▶ [Task goal]
Transcribe the following records exactly, images excluded.

▶ [The input]
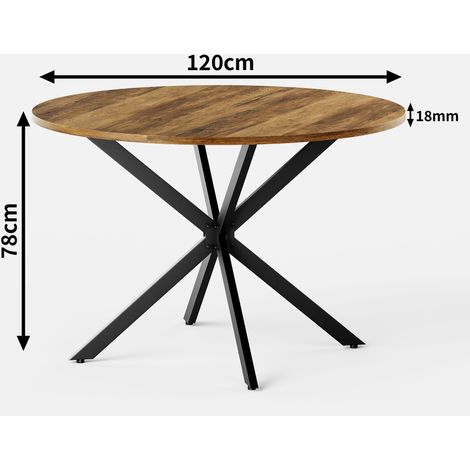 Table ronde style rustique à pieds croisés X, 120 cm – Table de cuisine, salle à manger pour salon, télétravail, balcon ou café – Marron rétro & Noir (1/5)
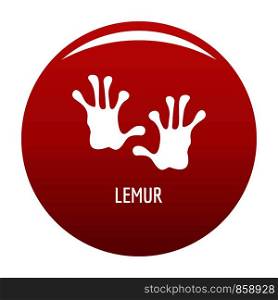 Lemur step icon. Simple illustration of lemur step vector icon for any design red. Lemur step icon vector red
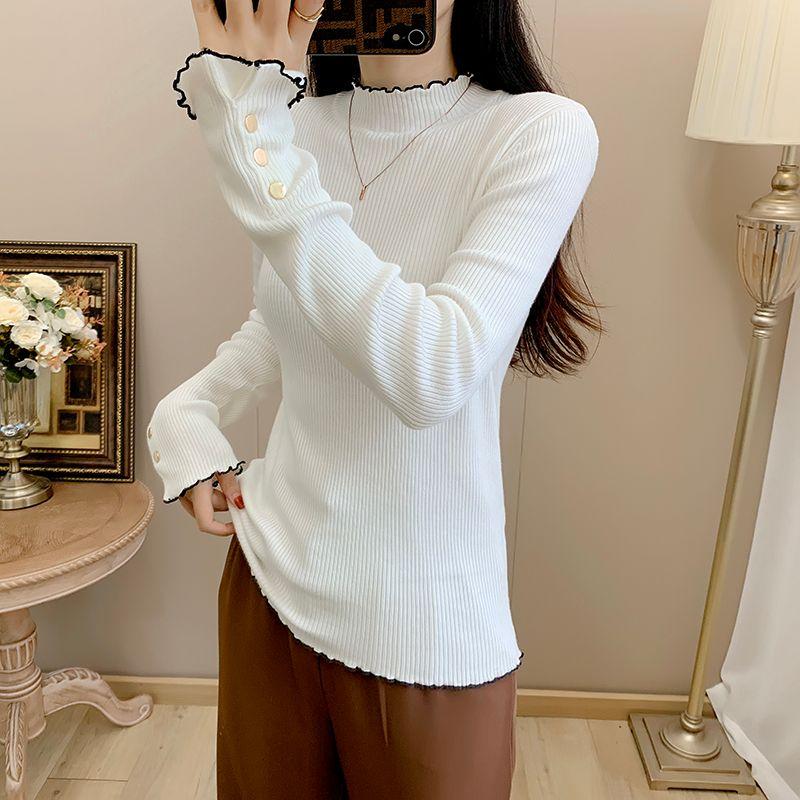 House Autumn and Winter Export European and American Women's Clothing Stringy Selvedge Round Neck Stretch Knitwear Plus Size Bottoming Sweater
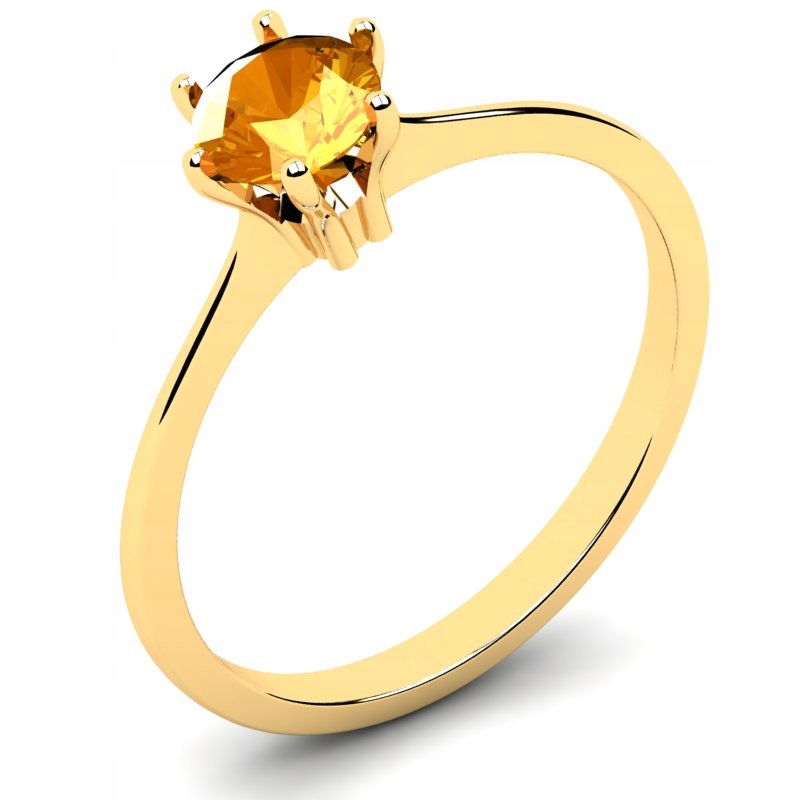 

Pierścionek Złoty Klasyczny Z Cytrynową Cyrkonią
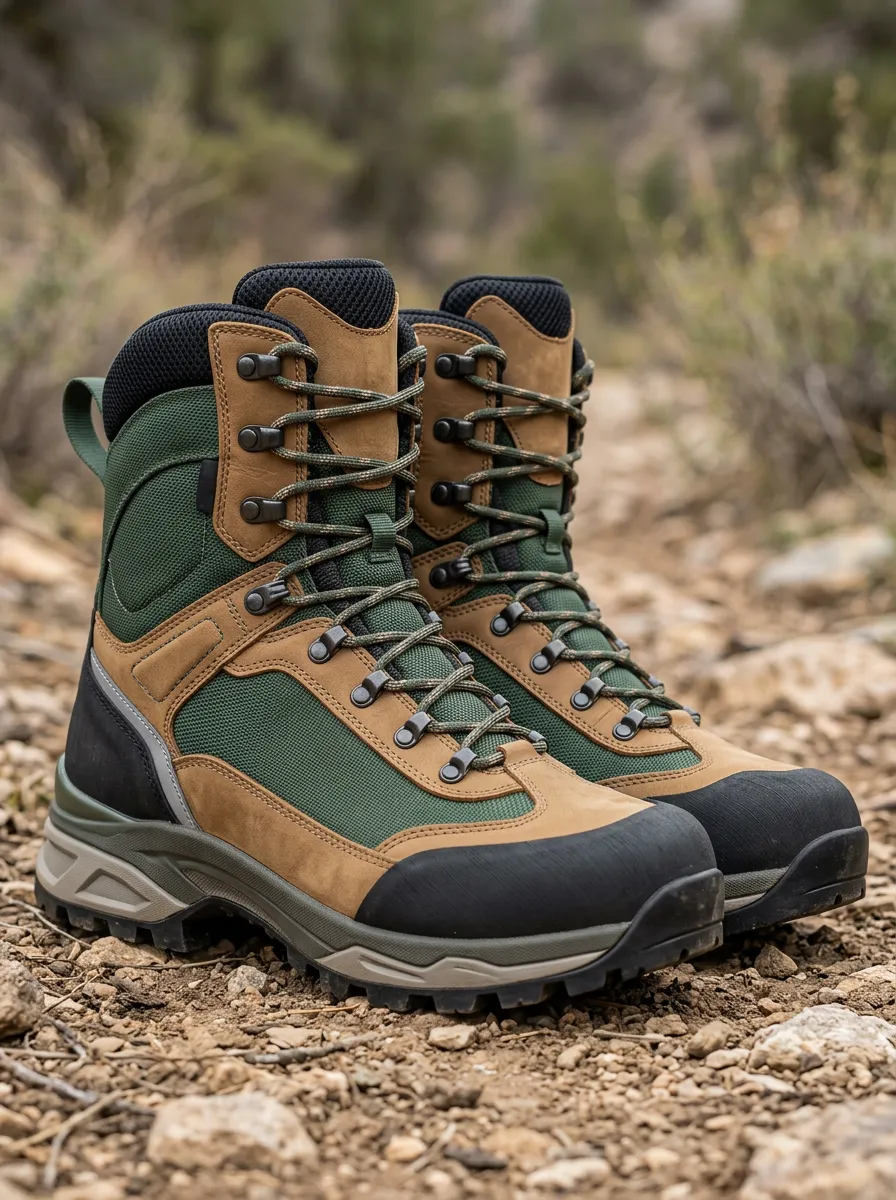 Men's Outdoor Hiking Tactical Green Brown Printed Boots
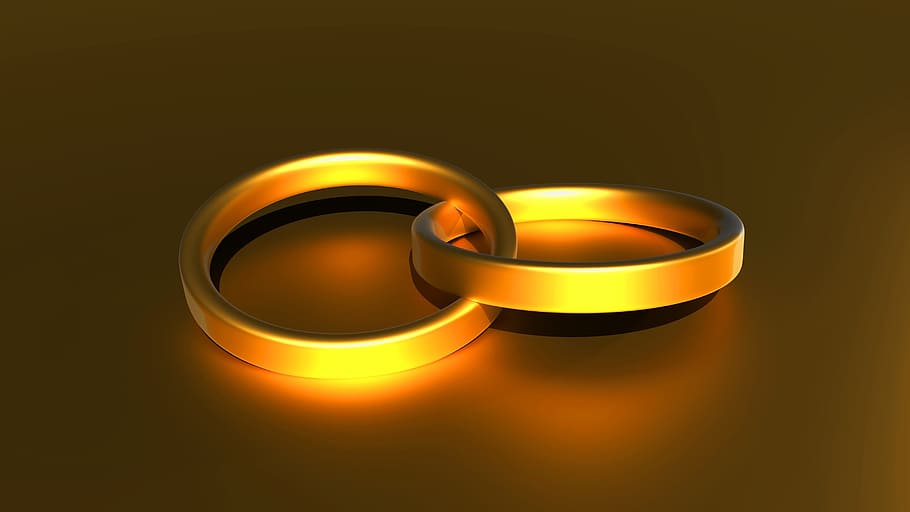 ring, wedding, gold, jewellery, golden, connectedness, 3d, gold colored, wedding ring, celebration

▶ [Exercise result]
 Table ronde style rustique à pieds croisés X, 120 cm – Table de cuisine, salle à manger pour salon, télétravail, balcon ou café – Marron rétro & Noir (1/5)
 Lemur step icon. Simple illustration of lemur step vector icon for any design red. Lemur step icon vector red
 House Autumn and Winter Export European and American Women's Clothing Stringy Selvedge Round Neck Stretch Knitwear Plus Size Bottoming Sweater

Pierścionek Złoty Klasyczny Z Cytrynową Cyrkonią
 Men's Outdoor Hiking Tactical Green Brown Printed Boots
 ring, wedding, gold, jewellery, golden, connectedness, 3d, gold colored, wedding ring, celebration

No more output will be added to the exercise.